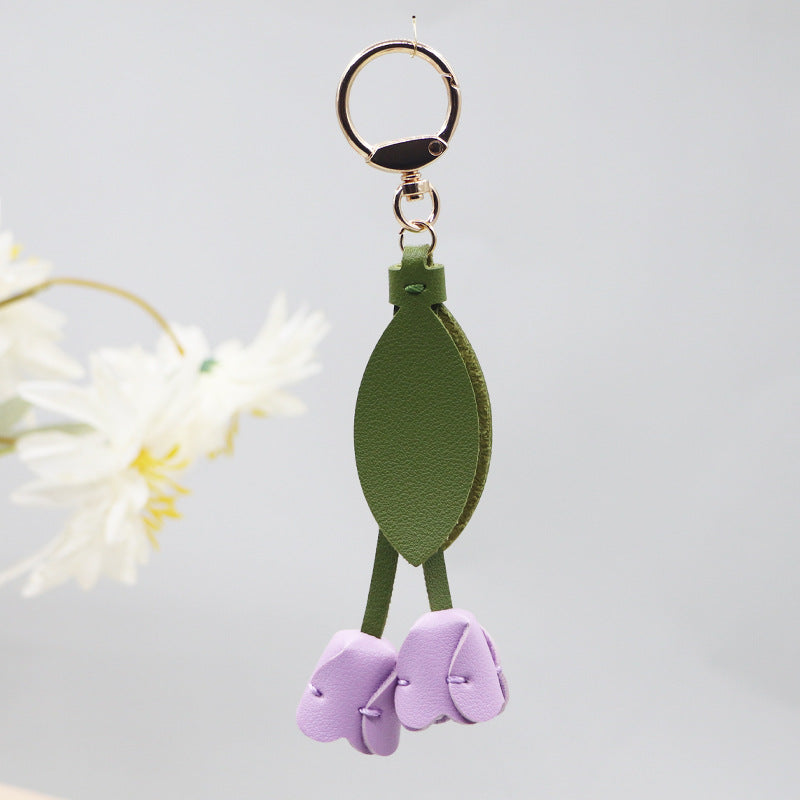 Little red book with tulip keychain cute personality car key bag pendant can be printed logo factory direct sales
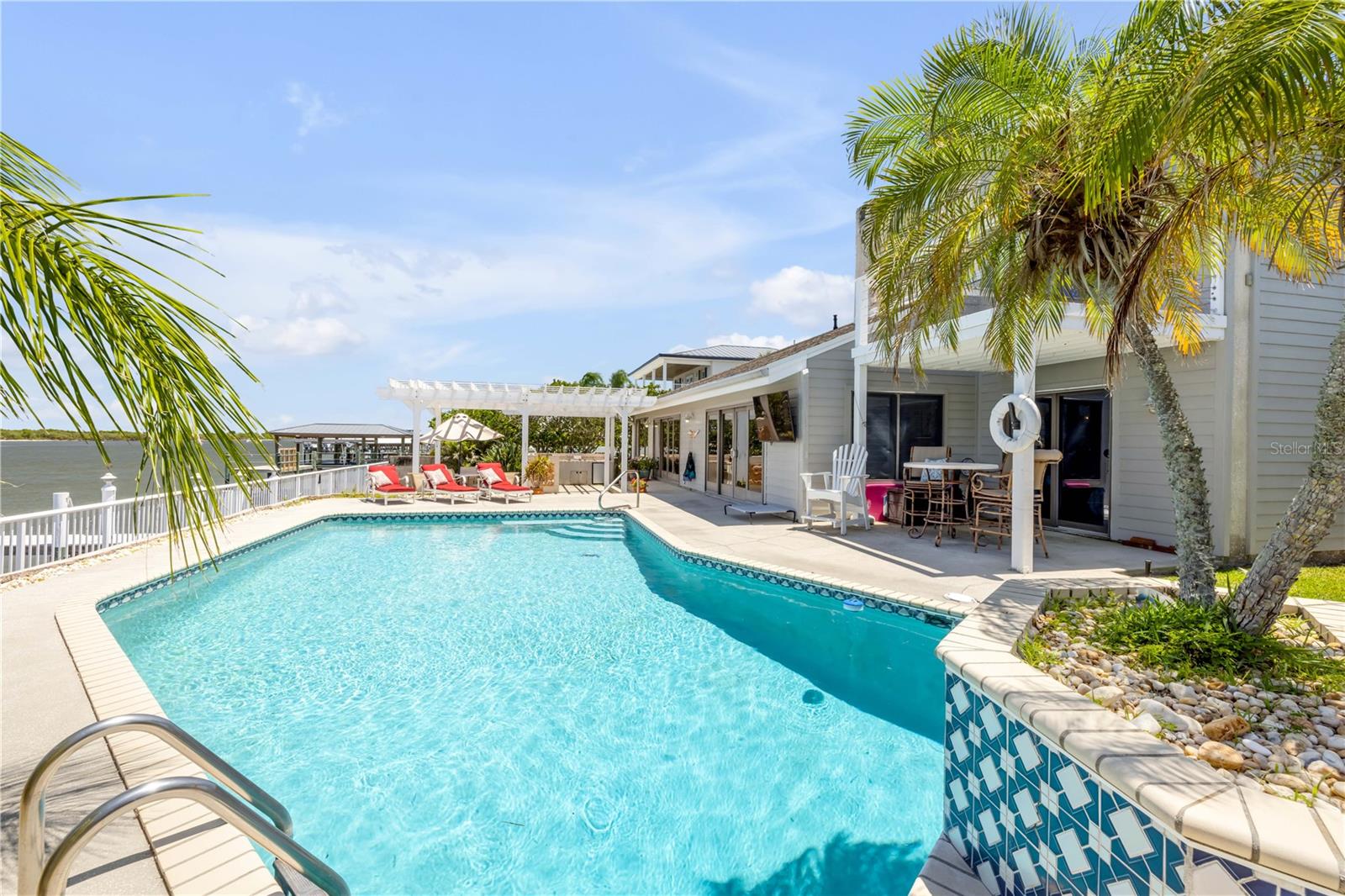YACHT CLUB ISLAND ESTATES - Residential
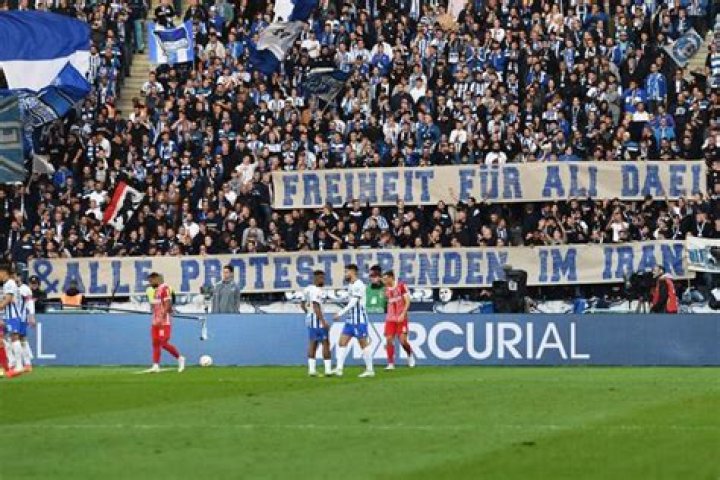 Er bleibt Daei – 11FREUNDE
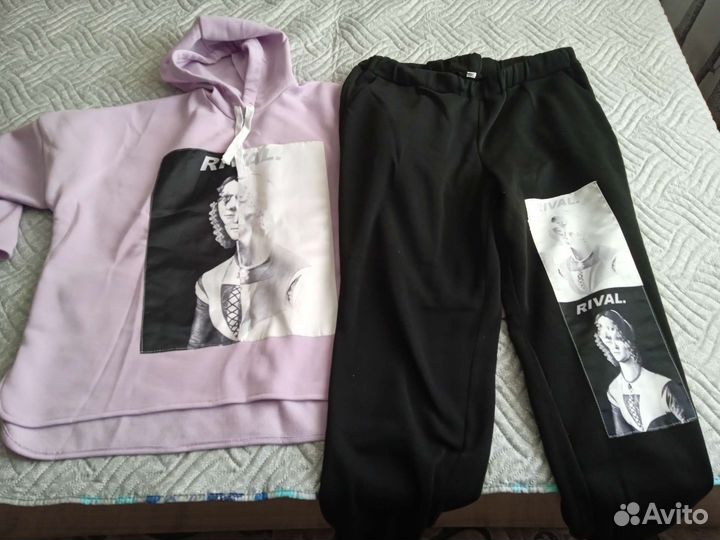 Костюм спортивный
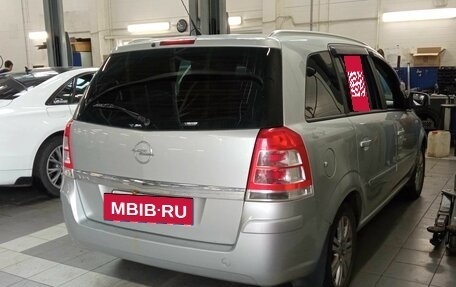 Opel Zafira B, 2012 год, 900 000 рублей, 3 фотография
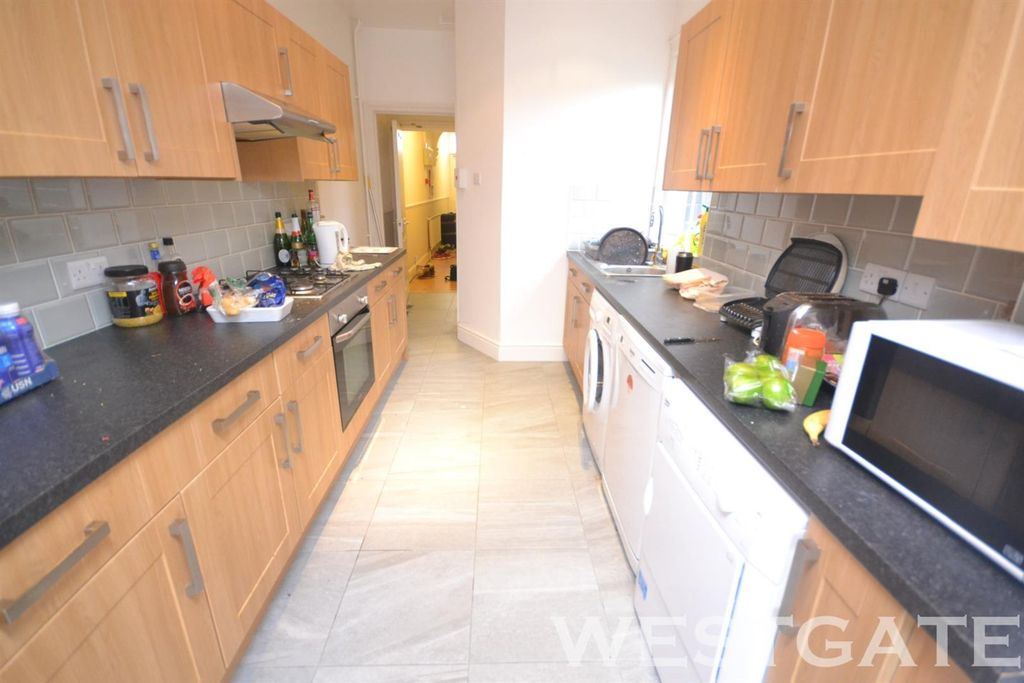 Property photo 2 of 4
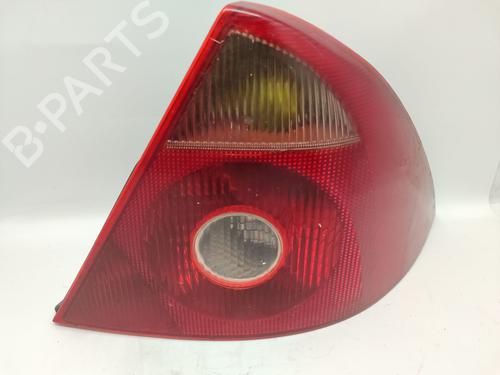 Used Right taillight FORD MONDEO III (B5Y) 2.0 TDCi (130 hp) 25440960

▶ **EXERCISE DETAILS**
Please repeat everything in the data above except the pictures, exactly as it reads.

▶ **RESPONSE BOX**
 Little red book with tulip keychain cute personality car key bag pendant can be printed logo factory direct sales
YACHT CLUB ISLAND ESTATES - Residential
 Er bleibt Daei – 11FREUNDE
 Костюм спортивный
 Opel Zafira B, 2012 год, 900 000 рублей, 3 фотография
 Property photo 2 of 4
 Used Right taillight FORD MONDEO III (B5Y) 2.0 TDCi (130 hp) 25440960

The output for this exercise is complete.